The whole thing about RISC was the simplicity of instruction sets that makes it much easier to design in hardware and, thereby, easy to design hardware that was faster.

Modern x86 chips have pretty much circumvented all of the performance advantages of RISC with various methods. However, those methods took a lot of engineering effort and adds quite a bit of complexity and heat/power consumption. Until recently, this hadn't been a problem as big corporations like Intel could afford this extra design effort in order to maintain backwards compatibility. However, as we go forward and power becomes an issue, I think x86 will become less and less attractive.

 

[addragyn]

http://www-1.ibm.com/servers/eserver/pseries/hardware/system_perf.pdf

 

[unlockthesource]

That makes sense. Looks like it is the chip of the past and the chip of the future. Thanks

 

[cquark]

Modern IA32 chips are essentially superscalar RISC processors, with IA32 instruction translation units that convert x86 assembly into RISC micro-ops. When Intel first came out with this type of design with the Pentium, the translation unit and the microcode ROM took up a noticeable chunk of the die, which could've been used to increase performance for more execution units or cache. However, as we've moved from the 0.8 micron process the original Pentium was made on to today's 0.09 micron processes, the cost is fairly small and new tricks like the trace cache and new instructions to substitute for the abysmal x87 architecture in most respects have been added to mitigate the expense.

 

[CTho9305]

Originally posted by: cquark
Modern IA32 chips are essentially superscalar RISC processors, with IA32 instruction translation units that convert x86 assembly into RISC micro-ops. When Intel first came out with this type of design with the Pentium,

Pentium Pro, actually. The Pentium still ran native x86 ops.

the translation unit and the microcode ROM took up a noticeable chunk of the die, which could've been used to increase performance for more execution units or cache. However, as we've moved from the 0.8 micron process the original Pentium was made on to today's 0.09 micron processes, the cost is fairly small

I disagree. P4 die photo: the uROM isn't huge, but for comparison, it's the size of the floating point adder, almost the size of the data cache, about the size of the integer register file, and larger than most datapath execution units. If you didn't need it, you could save the array area, plus whatever extra logic there is to read from the uROM. Accessing the uROM also adds a cycle or two to the pipeline, which doesn't help your mispredict penalties at all.

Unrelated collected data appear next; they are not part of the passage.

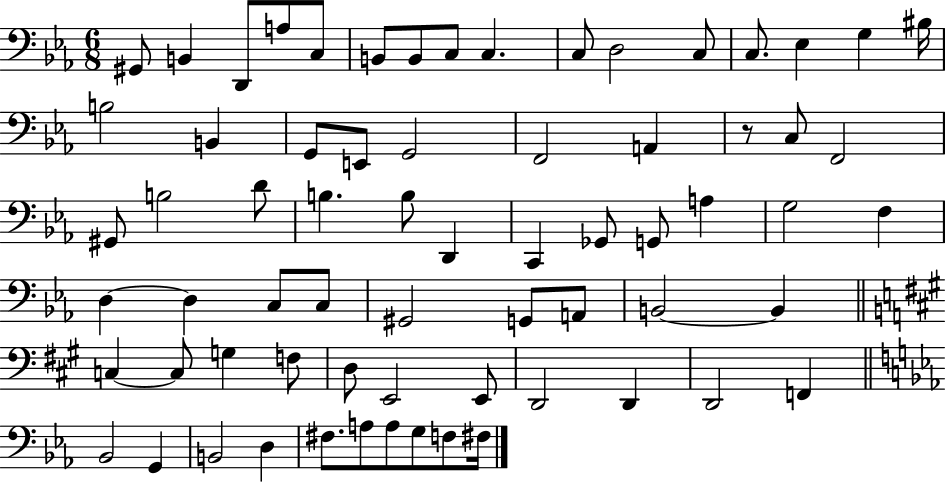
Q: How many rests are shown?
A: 1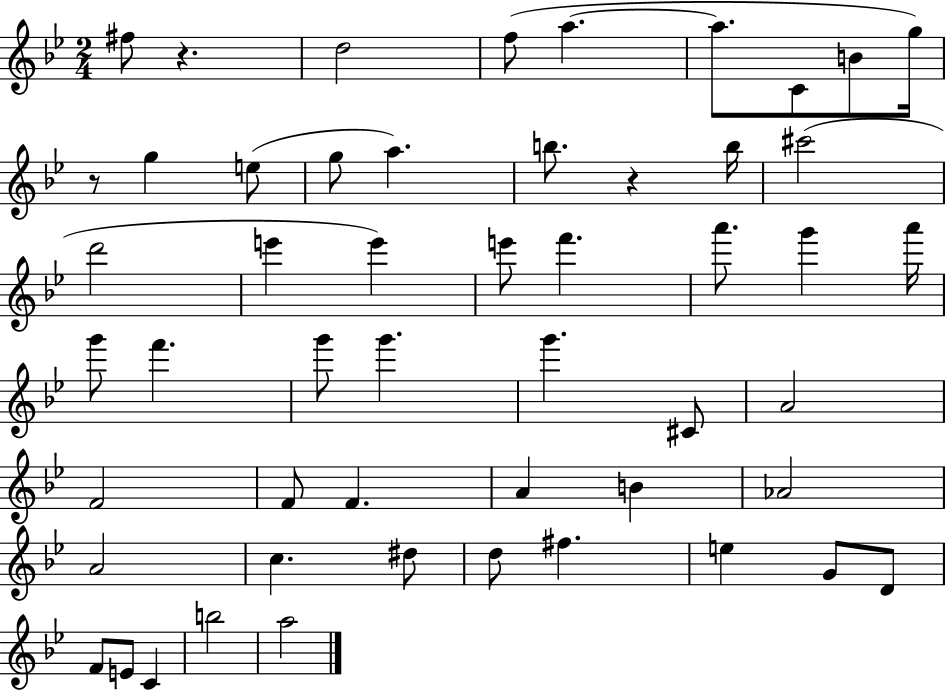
F#5/e R/q. D5/h F5/e A5/q. A5/e. C4/e B4/e G5/s R/e G5/q E5/e G5/e A5/q. B5/e. R/q B5/s C#6/h D6/h E6/q E6/q E6/e F6/q. A6/e. G6/q A6/s G6/e F6/q. G6/e G6/q. G6/q. C#4/e A4/h F4/h F4/e F4/q. A4/q B4/q Ab4/h A4/h C5/q. D#5/e D5/e F#5/q. E5/q G4/e D4/e F4/e E4/e C4/q B5/h A5/h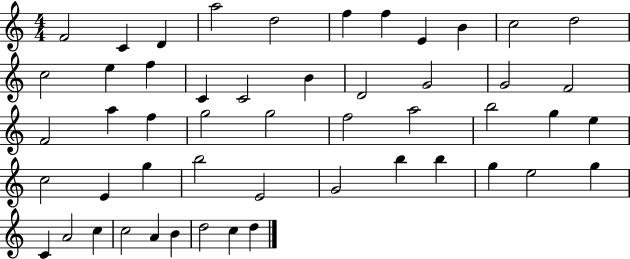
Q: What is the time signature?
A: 4/4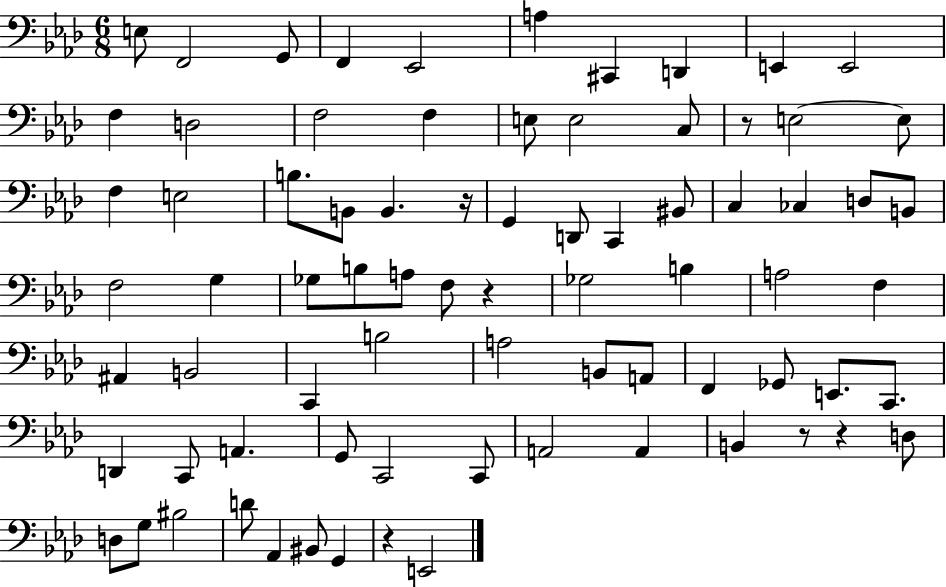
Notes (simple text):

E3/e F2/h G2/e F2/q Eb2/h A3/q C#2/q D2/q E2/q E2/h F3/q D3/h F3/h F3/q E3/e E3/h C3/e R/e E3/h E3/e F3/q E3/h B3/e. B2/e B2/q. R/s G2/q D2/e C2/q BIS2/e C3/q CES3/q D3/e B2/e F3/h G3/q Gb3/e B3/e A3/e F3/e R/q Gb3/h B3/q A3/h F3/q A#2/q B2/h C2/q B3/h A3/h B2/e A2/e F2/q Gb2/e E2/e. C2/e. D2/q C2/e A2/q. G2/e C2/h C2/e A2/h A2/q B2/q R/e R/q D3/e D3/e G3/e BIS3/h D4/e Ab2/q BIS2/e G2/q R/q E2/h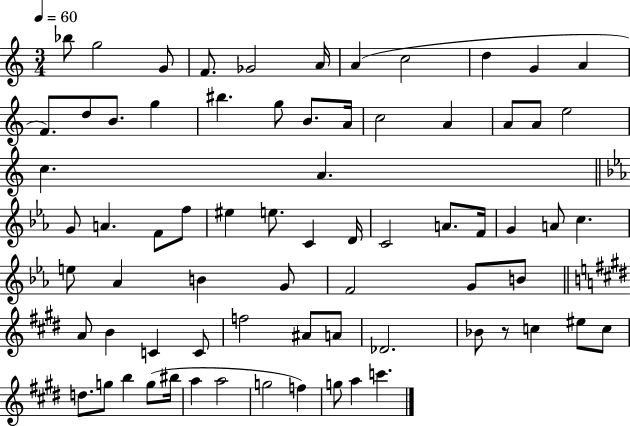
{
  \clef treble
  \numericTimeSignature
  \time 3/4
  \key c \major
  \tempo 4 = 60
  bes''8 g''2 g'8 | f'8. ges'2 a'16 | a'4( c''2 | d''4 g'4 a'4 | \break f'8.) d''8 b'8. g''4 | bis''4. g''8 b'8. a'16 | c''2 a'4 | a'8 a'8 e''2 | \break c''4. a'4. | \bar "||" \break \key ees \major g'8 a'4. f'8 f''8 | eis''4 e''8. c'4 d'16 | c'2 a'8. f'16 | g'4 a'8 c''4. | \break e''8 aes'4 b'4 g'8 | f'2 g'8 b'8 | \bar "||" \break \key e \major a'8 b'4 c'4 c'8 | f''2 ais'8 a'8 | des'2. | bes'8 r8 c''4 eis''8 c''8 | \break d''8. g''8 b''4 g''8( bis''16 | a''4 a''2 | g''2 f''4) | g''8 a''4 c'''4. | \break \bar "|."
}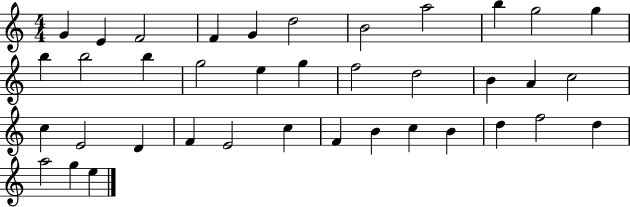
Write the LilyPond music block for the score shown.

{
  \clef treble
  \numericTimeSignature
  \time 4/4
  \key c \major
  g'4 e'4 f'2 | f'4 g'4 d''2 | b'2 a''2 | b''4 g''2 g''4 | \break b''4 b''2 b''4 | g''2 e''4 g''4 | f''2 d''2 | b'4 a'4 c''2 | \break c''4 e'2 d'4 | f'4 e'2 c''4 | f'4 b'4 c''4 b'4 | d''4 f''2 d''4 | \break a''2 g''4 e''4 | \bar "|."
}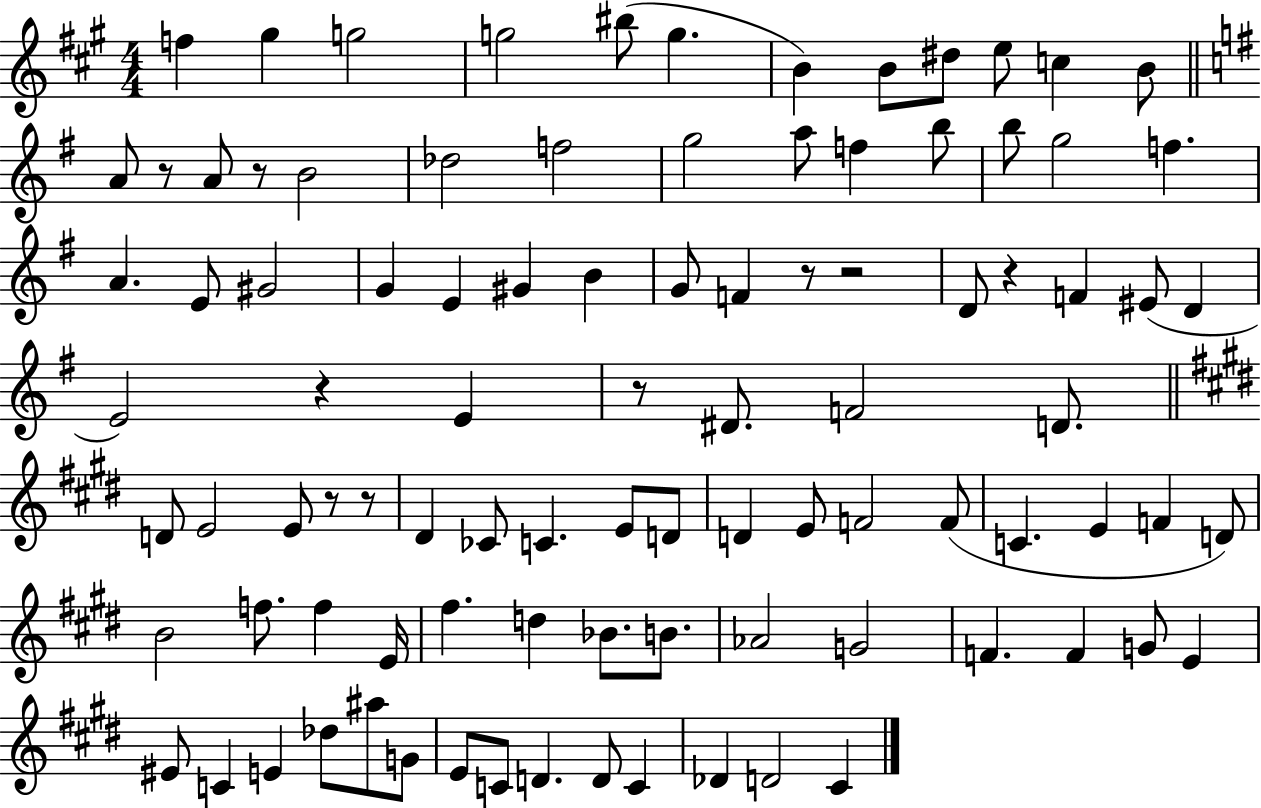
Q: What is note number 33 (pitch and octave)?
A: F4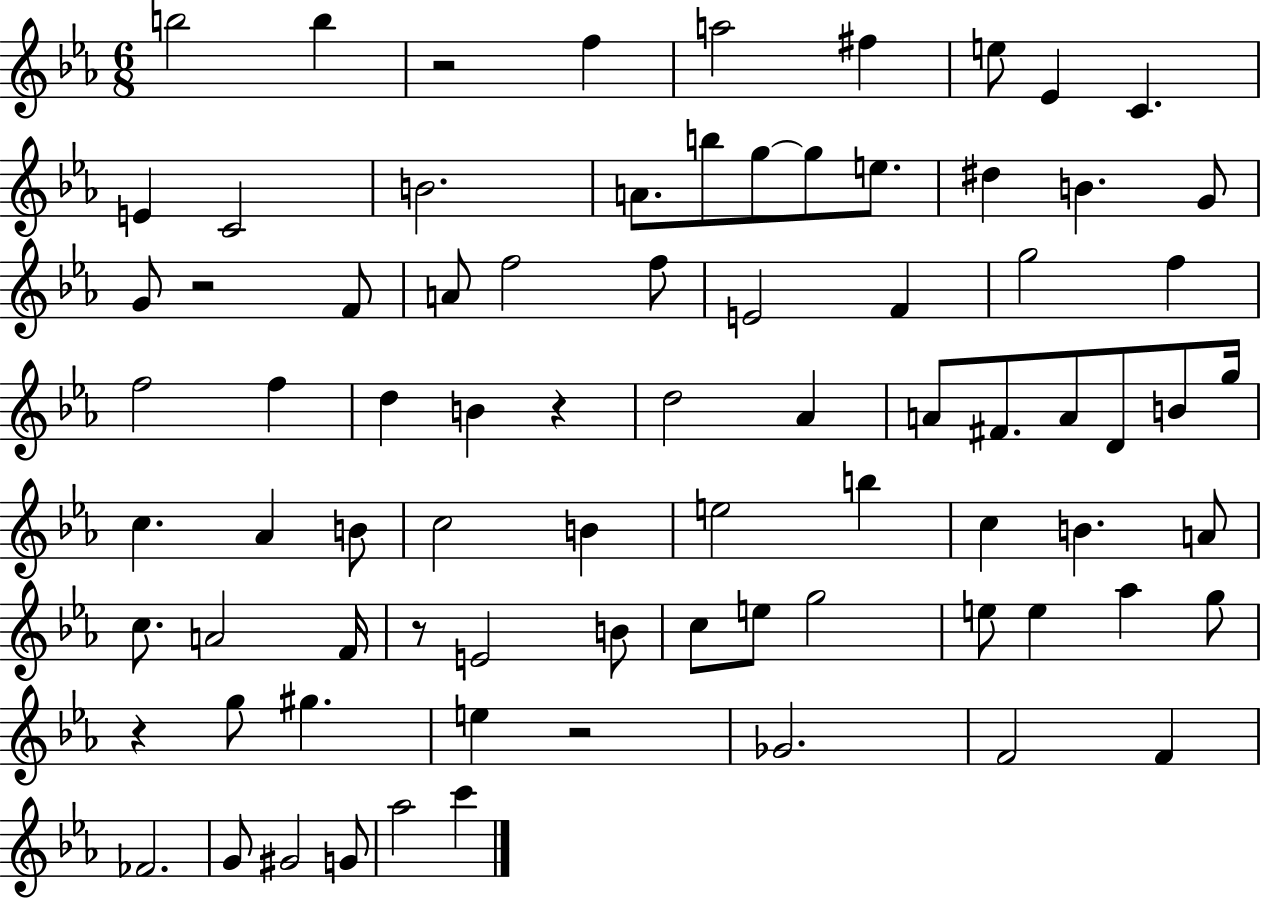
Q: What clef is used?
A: treble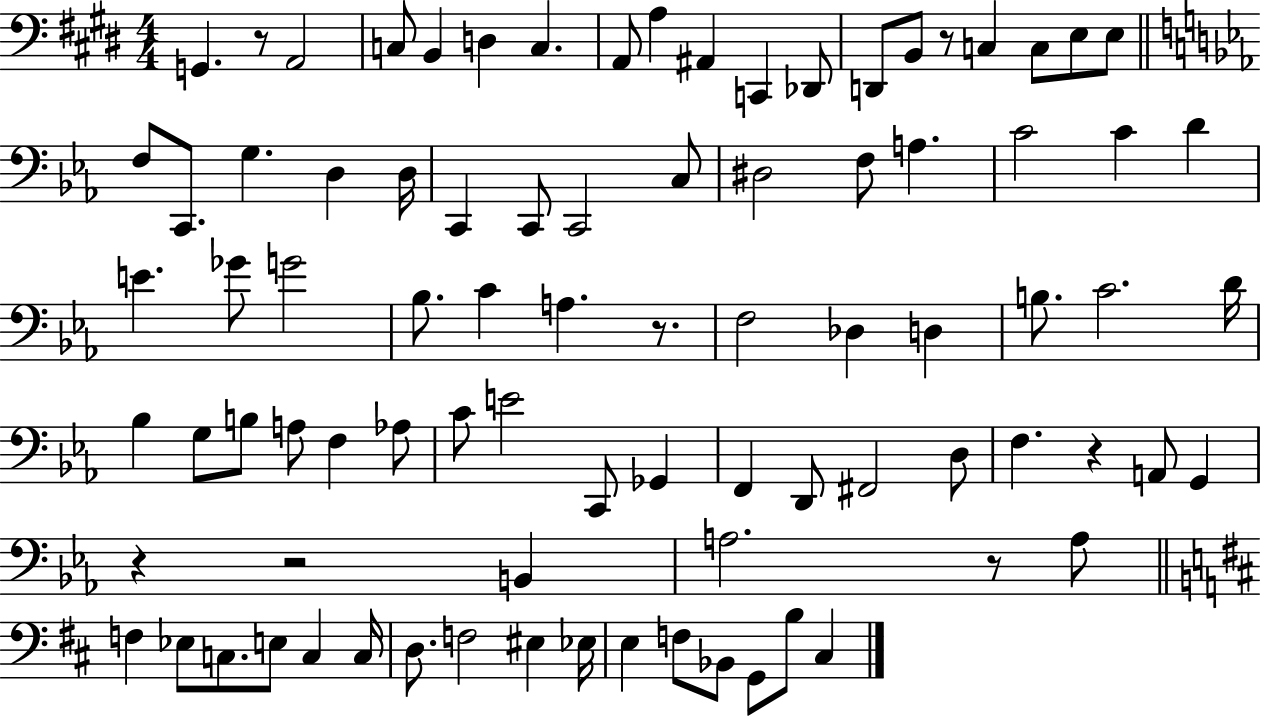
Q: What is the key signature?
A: E major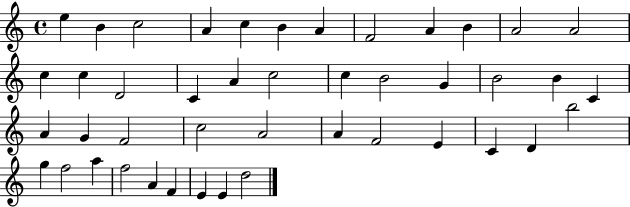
E5/q B4/q C5/h A4/q C5/q B4/q A4/q F4/h A4/q B4/q A4/h A4/h C5/q C5/q D4/h C4/q A4/q C5/h C5/q B4/h G4/q B4/h B4/q C4/q A4/q G4/q F4/h C5/h A4/h A4/q F4/h E4/q C4/q D4/q B5/h G5/q F5/h A5/q F5/h A4/q F4/q E4/q E4/q D5/h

and new tricks like the trace cache and new instructions to substitute for the abysmal x87 architecture in most respects have been added to mitigate the expense.

The trace cache is about half the size of the FPU, and almost the size of the whole integer execution core. The instruction decoder is nearly as big. Even with MIPS/VLIW, you'd still need some instruction decode logic, but you'd have a lot less area there, and you might be able to get away with no trache cache.

edit: Also, the P4 is a HUGE chip. The area wastes become more apparent when you're looking at simpler or lower-power designs.

 

[jhu]

Originally posted by: cquark
Modern IA32 chips are essentially superscalar RISC processors, with IA32 instruction translation units that convert x86 assembly into RISC micro-ops. When Intel first came out with this type of design with the Pentium, the translation unit and the microcode ROM took up a noticeable chunk of the die, which could've been used to increase performance for more execution units or cache. However, as we've moved from the 0.8 micron process the original Pentium was made on to today's 0.09 micron processes, the cost is fairly small and new tricks like the trace cache and new instructions to substitute for the abysmal x87 architecture in most respects have been added to mitigate the expense.

actually, intel wasn't the first to come out with this. nexgen did with their nexgen 5x86. it was pretty cool in that you could actually write programs in its native instruction set as well as x86(i think, or perhaps i'm thinking of some other processor).